According to History.com, "In 1565 … the Spanish explorer Pedro Menéndez de Avilé invited members of the local Timucua tribe to a dinner in St. Augustine, Florida, after holding a mass to thank God for his crew's safe arrival. On Dec. 4, 1619, when 38 British settlers reached a site known as Berkeley Hundred on the banks of Virginia's James River, they read a proclamation designating the date as ‘a day of thanksgiving to Almighty God.'"

Feasts were and still are often moments of celebration or moments of thanks. Providential holidays, being days of fasting or feasting as a means to praise God or celebrate harvest, have been organized all around the world since the dawn of time.

As reported by History.com, "In ancient times, the Egyptians, Greeks and Romans feasted and paid tribute to their gods after the fall harvest. Thanksgiving also bears a resemblance to the ancient Jewish harvest festival of Sukkot. Finally, historians have noted that Native Americans had a rich tradition of commemorating the fall harvest with feasting and merrymaking long before Europeans set foot on their shores."

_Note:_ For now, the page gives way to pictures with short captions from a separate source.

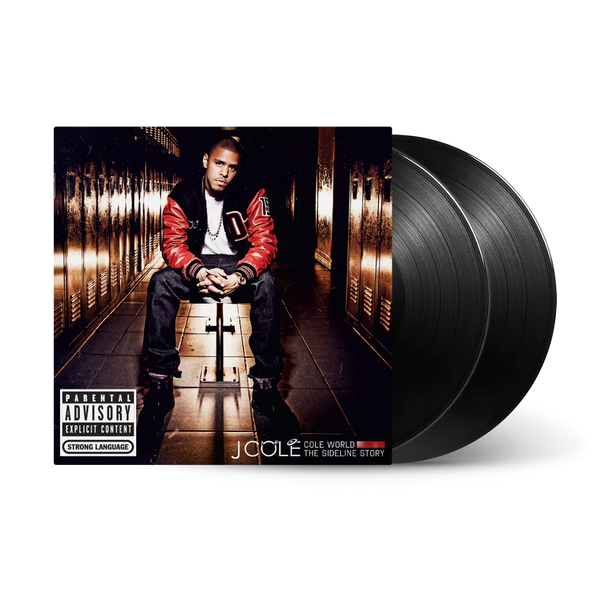 Cole World: the Sideline Story Vinyl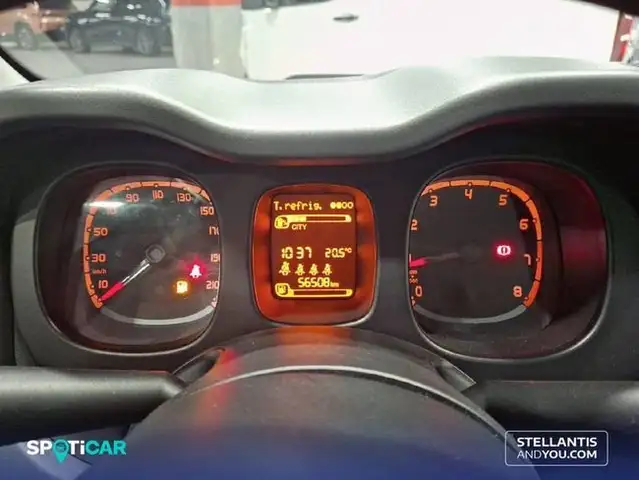 Fiat Panda view 12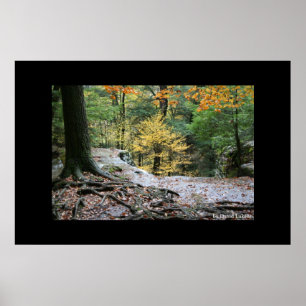 Poster Old Man's Cave Ridge#2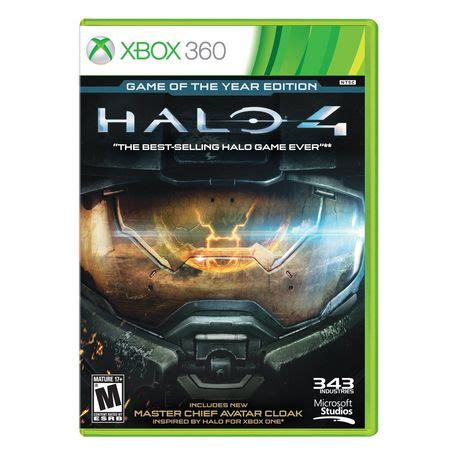 HALO 4: Game of The Year Edition (xbox 360) - Walmart.ca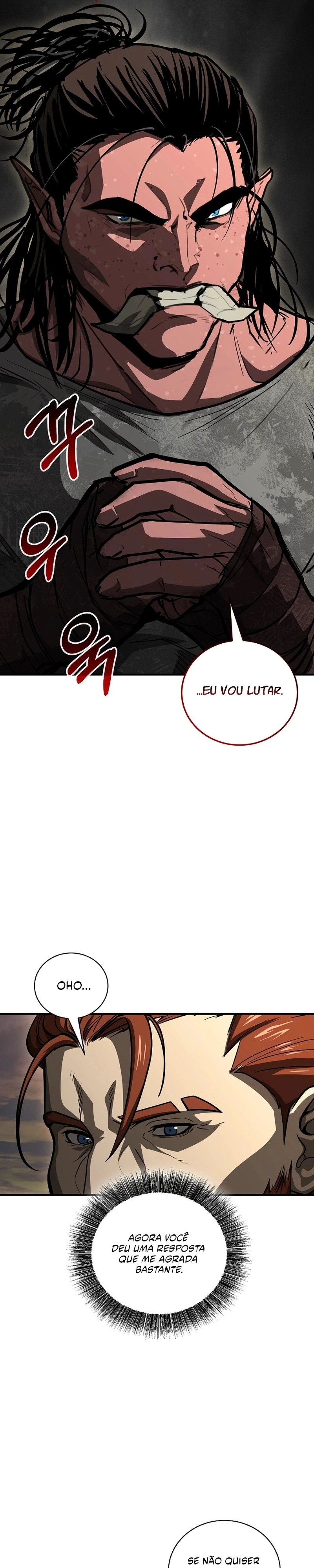 Meio Sangue Capítulo 44 Página 6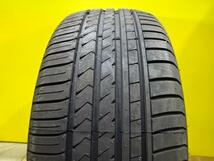 【新品セット】即決 送料無料 サマータイヤ WINRUN R330 245/40R19 アルミ NOVARIS VF 19インチ 8.0J +35 5穴 114.3 4本セット アルファー_画像4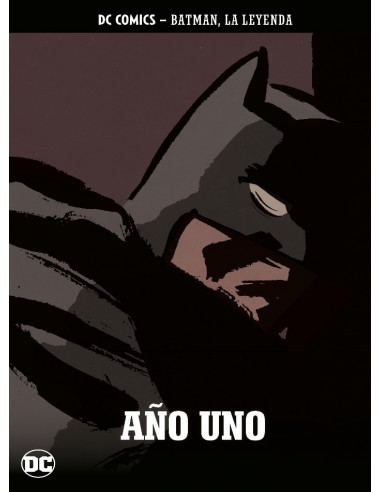 BATMAN LA LEYENDA N 78 AÑO UNO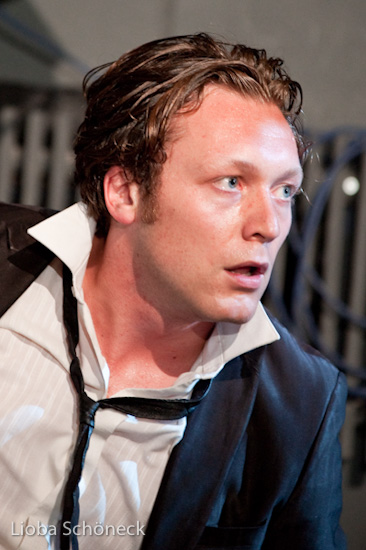 Münchner Volkstheater | Leonce und Lena | GP 02.10.2009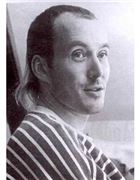 obrázek zesnulého: „Petr Lébl, 1965 - 1999“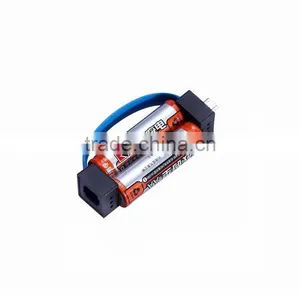 Mini Emergency Charger 5 Battery Emergency Charging Adapter For Phone thumbnail-2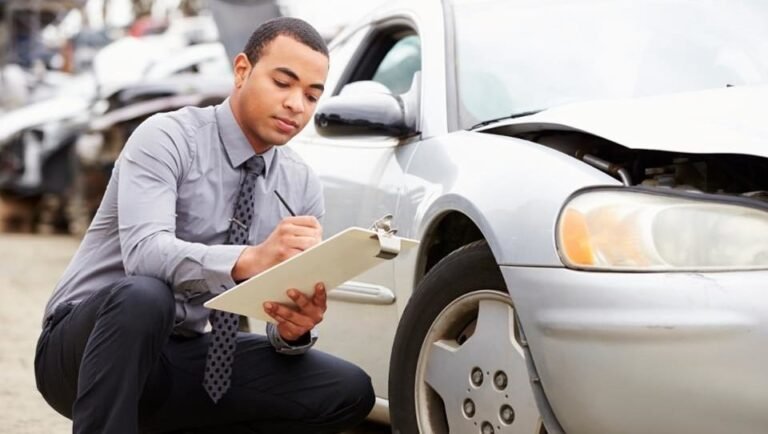 personal car insurance policy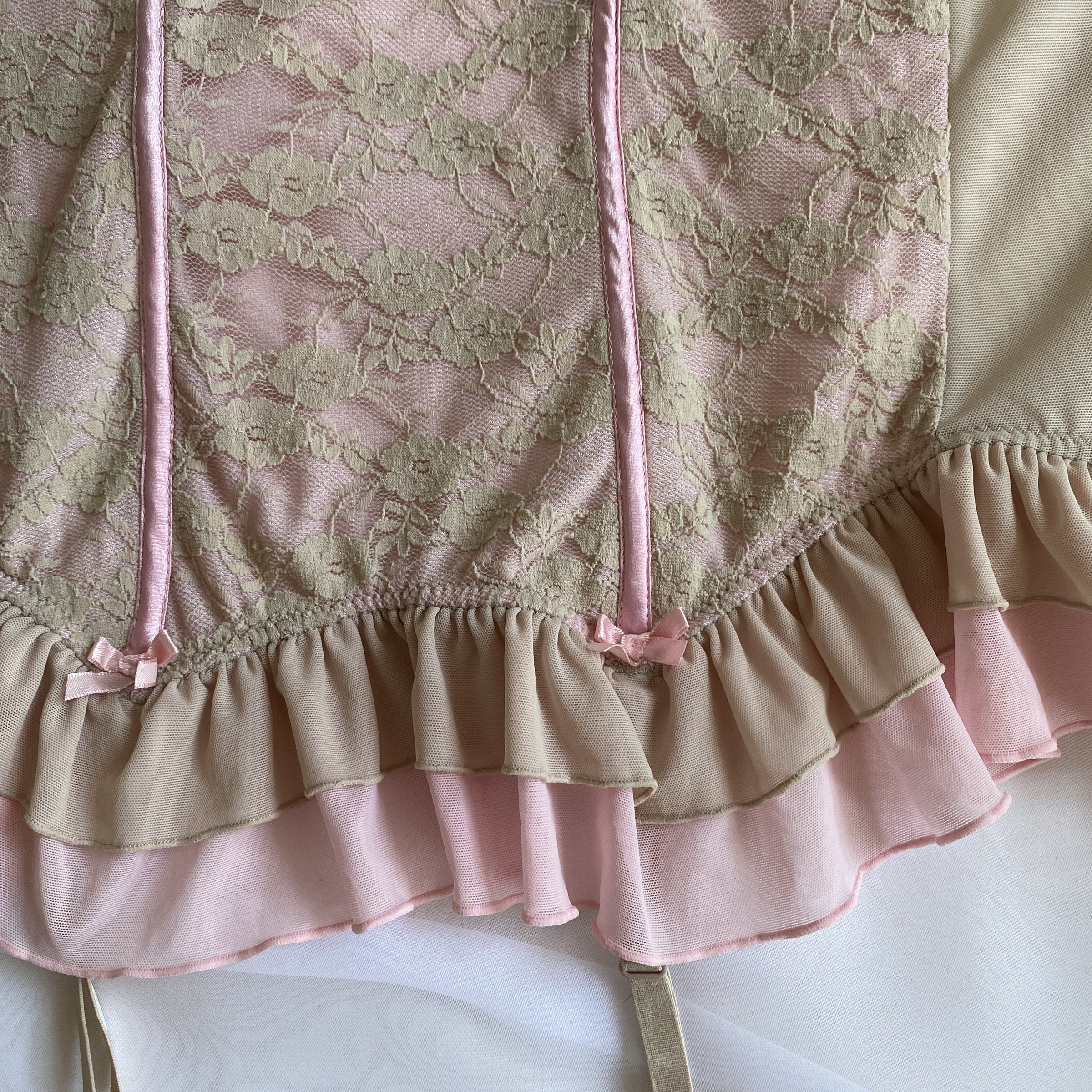 Sophie B. Princess Bustier (S/34B) – Violette Wears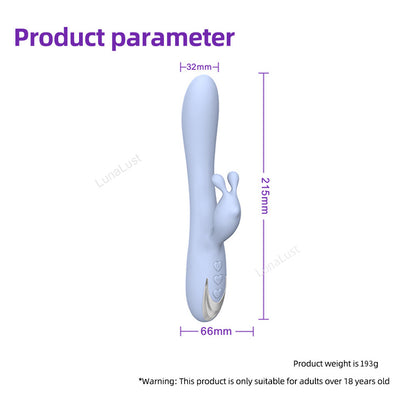 Rabbit Ear G-Spot Vibrator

The poster child of Thanksgiving, the turkey, was probably not the main and most highly anticipated dish on the menu for the first Thanksgiving, though.

"The feast consisted of fish(cod, eelsand bass) and shellfish (clams, lobsterand mussels), wild fowl(ducks, geese, swansand turkey), venison, berriesand fruit, vegetables(peas, pumpkin, beetrootand possibly, wildor cultivated onion), harvest grains (barleyand wheat) and the Three Sisters: beans, dried Indian maizeor corn and squash," according to Wikipedia.

Pumpkin pie and other commonly seen desserts on modern Thanksgiving tables were not featured due to a shortage of the necessary amount of ovens and sugar needed.

According to the National Turkey Foundation, close to 90% of Americans eat turkey every Thanksgiving

If you're wondering when Thanksgiving became an official national holiday, it stems back hundreds of years to our first president, George Washington, along with John Adams and James Madison, who in 1789 called for a day of the year for Americans to celebrate the nation's conclusion of the Revolutionary War and ratification of the Constitution.

It was not until President Abraham Lincoln proclaimed Thanksgiving a national holiday in 1863, finalized as every fourth Thursday in November, during a time when the Civil War was still in full effect. It is largely thanks to Sarah Joseph Hale, first woman editor of America's first women's magazine, "Ladies Magazine," and also author of the Nursery rhyme, "Mary Had a Little Lamb." For decades, Hale had sent letters to president after president, vying for the unification of each state to celebrate each other and appreciate what one has.

Now a widely celebrated tradition, Thanksgiving marks the end of fall and the start of the holiday season, including Christmas, Hanukah and more.